The annual Miss Nippon contest, which takes its title from the country’s Japanese name, awards the tiara to the contestant representing the “Foremost Beauty of All Japanese Women,” according to the organizers’ website. The decision to pick a winner with European heritage has raised questions about beauty standards and what it means to be Japanese.
Japan is an ethnically homogenous country with comparatively low levels of immigration, which in recent years has prompted authorities to push for more foreign residents and workers to plug gaps left by an aging population. The country has struggled to balance its conservative views on immigration with the need for new and younger workers, though a 2018 Pew survey showed that 59% of Japanese people believed immigrants would make the country stronger.
Others commended her love for the country. “Many Japanese people do not value Japan, so why is there a problem that she has cherished Japan, where she has lived since she was a child, so much that she became a naturalized Japanese citizen, took on the challenge of becoming Miss Nippon and was crowned Miss Nippon?” asked one X user, while another said: “I thought her Instagram posts were polite and well-written, and she has not only beauty, but also ‘Japanese spirit of harmony.’ This is Miss Japan.”
But others questioned whether someone without Japanese ancestry could represent the country’s beauty ideals.

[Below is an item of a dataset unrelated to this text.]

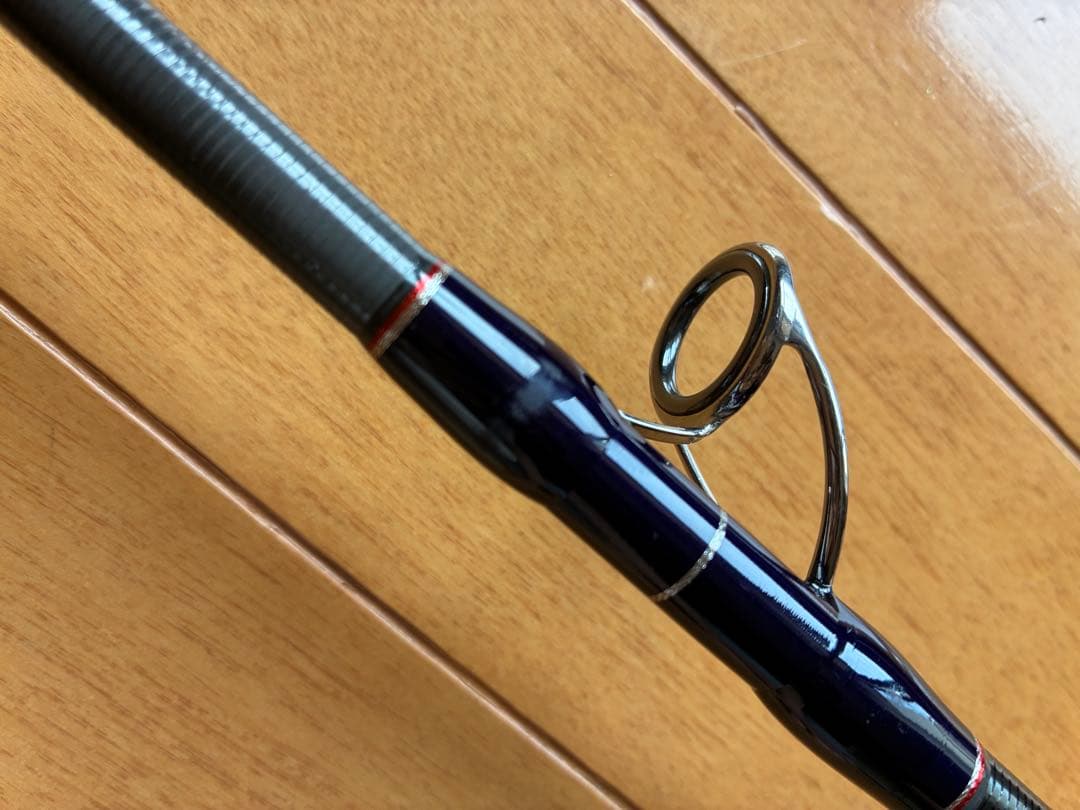 MCワークス　ワイルドブレーカー106HS 10周年アニバーサリー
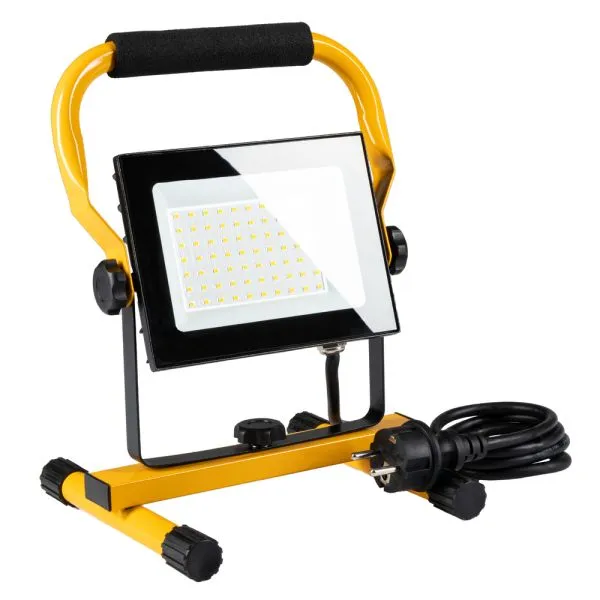 LED-Arbeitsleuchte Kabelgebunden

“Racial discrimination is absolutely unacceptable,” wrote historian Hiroe Yamashita on X, “but if the Miss Nippon contest is based on the concept of beauty, I personally wish that it would be based on standards of Japanese beauty. With Karolina Shiino’s appearance, an (ethnically) Japanese girl has no chance of winning under the modern values of beauty.”
Shiino’s win comes almost 10 years after Ariana Miyamoto became the first biracial contestant to be crowned Miss Universe Japan, one of several other national-level pageant titles. Miyamoto went on to represent Japan at the 2015 Miss Universe contest.
Miss Nippon is not part of the international beauty pageant circuit and is unaffiliated with global competitions like Miss World and Miss Universe.
The first Miss Nippon contest, held in 1950, was sponsored by one of Japan’s largest newspapers, the Yomiuri Shimbun. It was originally established to select a goodwill ambassador to the United States who would express Japan’s thanks for American humanitarian aid after World War II.
The inaugural competition was won by Fujiko Yamamoto, who went on to become a successful actor. Her “dignified elegance” became the new standard of beauty for Japanese women in years to come, according to the Miss Nippon contest’s official website.
After a 15-year hiatus, the pageant was revived in 1967 by Shizuo Wada, who went on to become a well-known television health and beauty exercise instructor.
The contest is now operated by his granddaughter Ai Wada, who told CNN that Shiino was awarded the title of Miss Nippon because she is a “hard-working, yet humble, Japanese woman with a very strong sense of consideration for others.”